■ **The task**
In the entries below, find the line with "Der Pharmakonzern Novartis" and the line with "博多駅を発車する特急「つばめ」"; copy them and every line between them exactly, but not the pictures.

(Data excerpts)
-- Opening Marker --
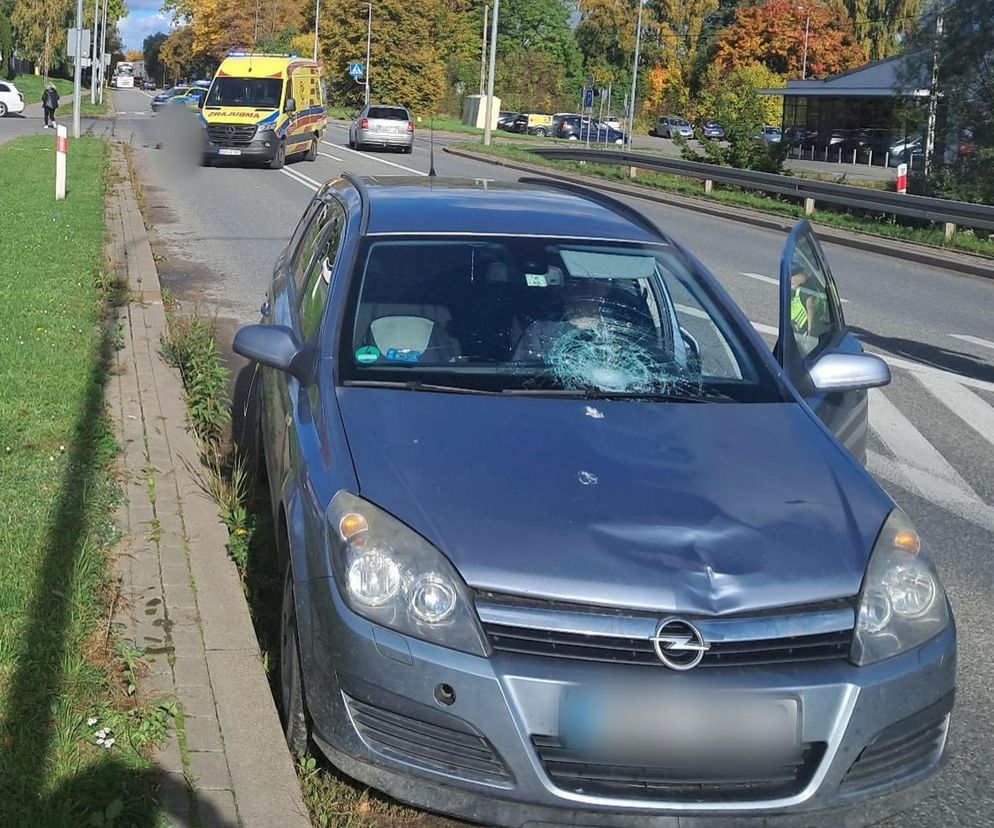 Śmiertelne potrącenie pieszej w Bartoszycach. Droga zablokowana, poważne utrudnienia dla kierowców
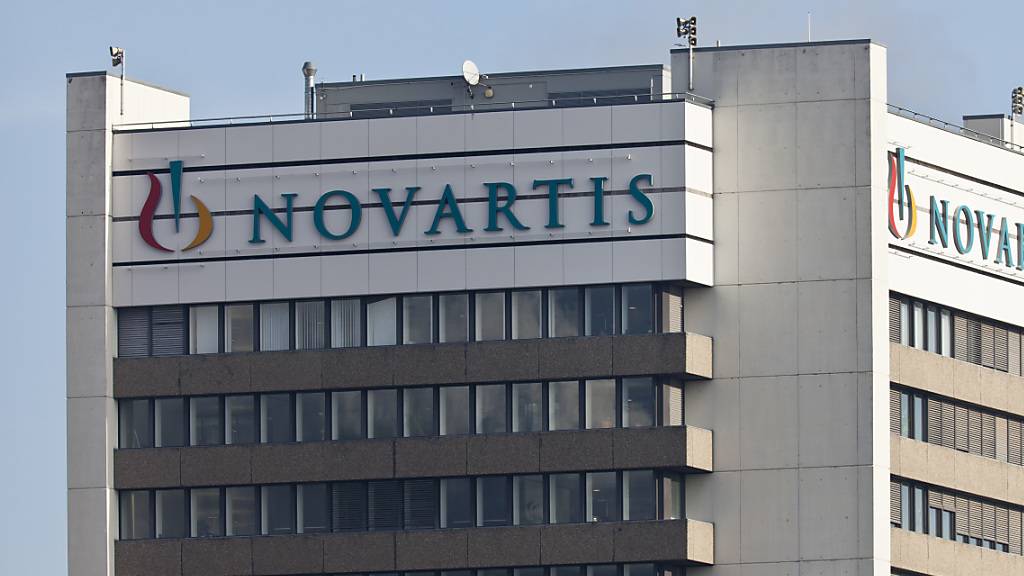 Der Pharmakonzern Novartis muss ein Augenmittel in den USA mit Warnhinweisen versehen, nachdem es in einzelnen Fällen zu Nebenwirkungen gekommen war. (Archivbild)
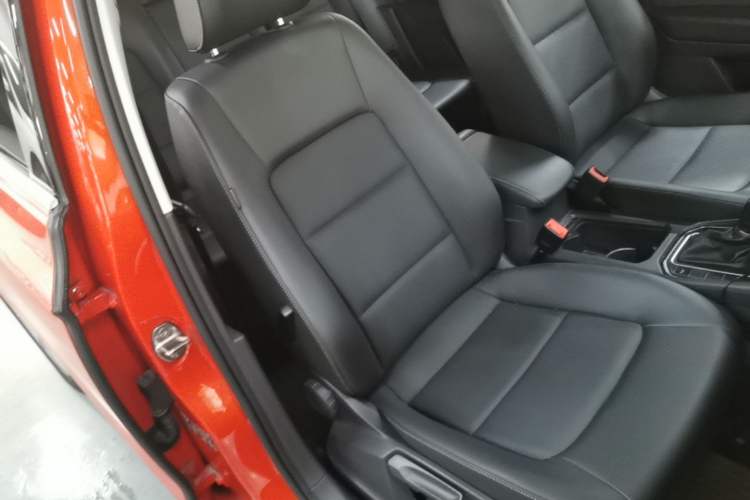 Used Volkswagen Golf Sportsvan 2019 280TSI Automatic Trendy Model China VI Standard Right Front Seat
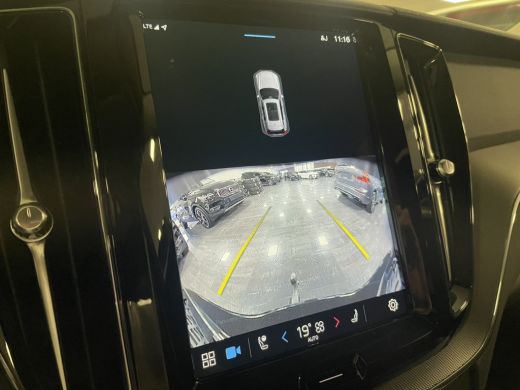 Volvo  XC60 T6 AWD Recharge Plus Dark | Trekhaak | Adaptieve Cruise Control | Parkeercamera | Voorverwarming ... ActivLease financial lease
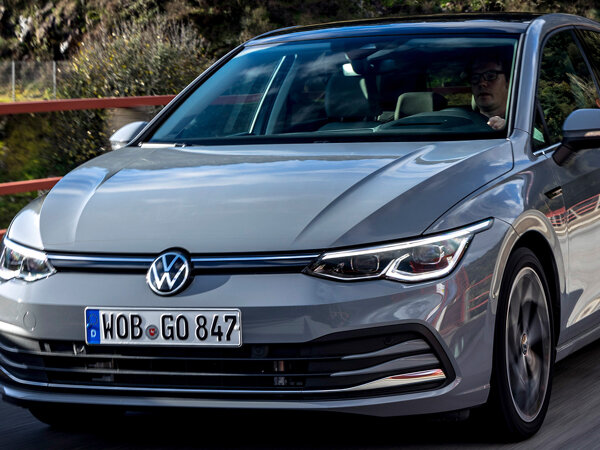 Volkswagen Golf eTSI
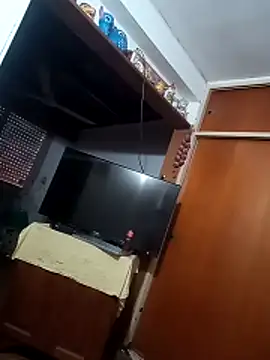 omeriz online show from November 2025 09:08:01 PM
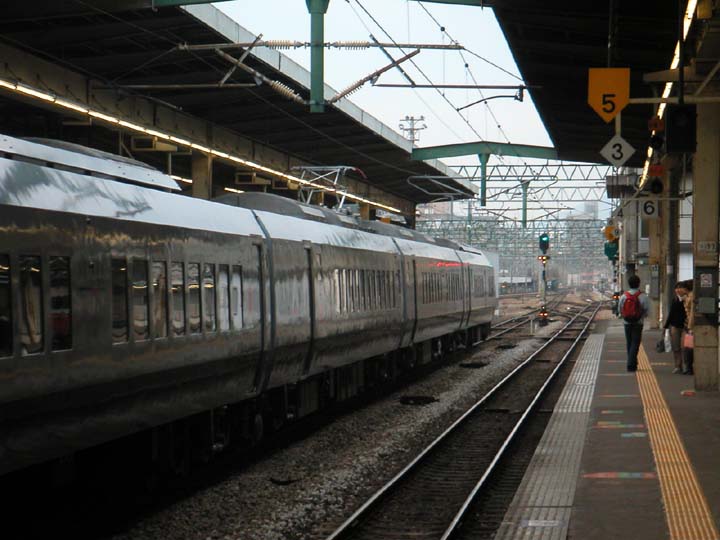 博多駅を発車する特急「つばめ」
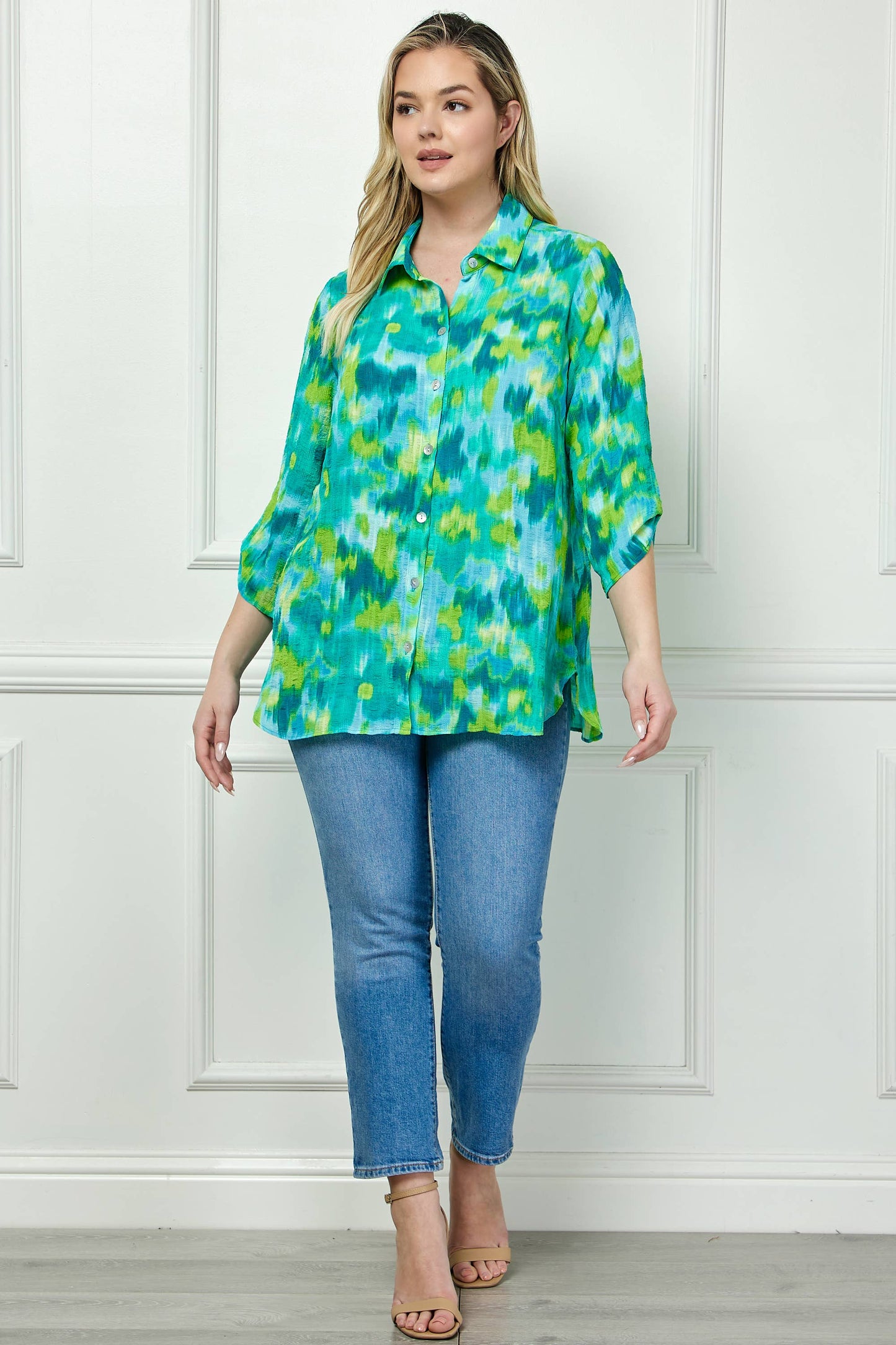 PLUS SIZE BUTTON DOWN BLOUSE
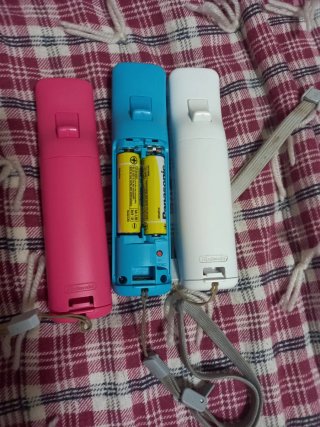 Nintendo Wii U Negra + 3 Mandos y 9 Juegos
-- Closing Marker --
■ **Output**
 Der Pharmakonzern Novartis muss ein Augenmittel in den USA mit Warnhinweisen versehen, nachdem es in einzelnen Fällen zu Nebenwirkungen gekommen war. (Archivbild)
 Used Volkswagen Golf Sportsvan 2019 280TSI Automatic Trendy Model China VI Standard Right Front Seat
 Volvo  XC60 T6 AWD Recharge Plus Dark | Trekhaak | Adaptieve Cruise Control | Parkeercamera | Voorverwarming ... ActivLease financial lease
 Volkswagen Golf eTSI
 omeriz online show from November 2025 09:08:01 PM
 博多駅を発車する特急「つばめ」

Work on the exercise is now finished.